Sex with Strangers
Time Out says
Emilia Fox and Theo James star in a bland US romcom
The oo-er missus title is about as exciting as it gets in ‘Sex with Strangers’, a British premiere of a contemporary play by the prolific American playwright and ‘House of Cards’ writer Laura Eason, whose work hasn’t been staged before in the UK. Eason applies Twitter-age dilemmas to a sped-up love affair between two writers: Olivia (Emilia Fox) and Ethan (Theo James). She’s a literary professor in her late thirties, loves the smell of books and has one highly-regarded, little-read book behind her; he’s younger, brasher, has a best-selling ‘internet memoir’ and blog called ‘Sex with Strangers’ to his name (guess what it’s about) and has heart palpitations when he can’t get wifi.
Eason’s play thrusts these two strangers together in a snowy Michigan cabin, a writers’ retreat where they immediately start sizing each other up, physically, intellectually, emotionally. It’s like the car trip in ‘When Harry Met Sally’, only the sex starts almost immediately. Eason invites us into a bubble only to ask us to watch it slowly burst: the second act takes place in Olivia’s New York apartment and by now their initial identities – real and imagined – have started to blur as they find out more about each other and how they’re perceived by the wider world through their work and their public, especially digital, profiles.

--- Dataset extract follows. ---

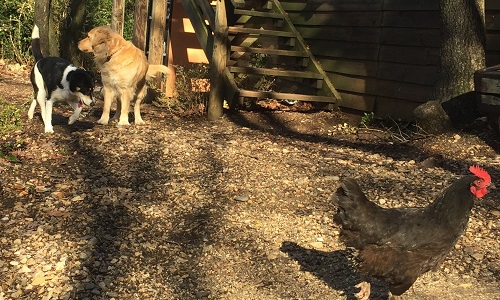 Sauvons « Chaussette » et « Diesel » des odeurs et envols de plastiques vers la décharge Coved-Paprec à Roussas !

The high-profile casting suggests sex and star appeal, and there’s a likeable energy and spark between James and Fox, but the play itself isn’t up-to-scratch. It’s fitfully amusing and insightful, but mostly it’s meandering, limp and lacking in bite and strong ideas. Getting the social-media age right in drama is about as hard as making a coherent argument in less than 140 characters: it’s too easy to look out of date, out of touch, out of time, and that’s the problem here: you feel that Eason is only partially interested in the digital angle, and yet it’s central to her play. It feels like paying lip-service to modernity. It doesn’t help that Peter Dubois’s production too often feels like a middle-of-the-road big-screen rom-com, from the literal design and smooth-core sex scenes to the infuriating drive-time music that plays during steamy scene changes and fades to black. The most exciting thing about this play is imagining potential punters googling 'sex with strangers Hampstead'. Racy name, sleepy play.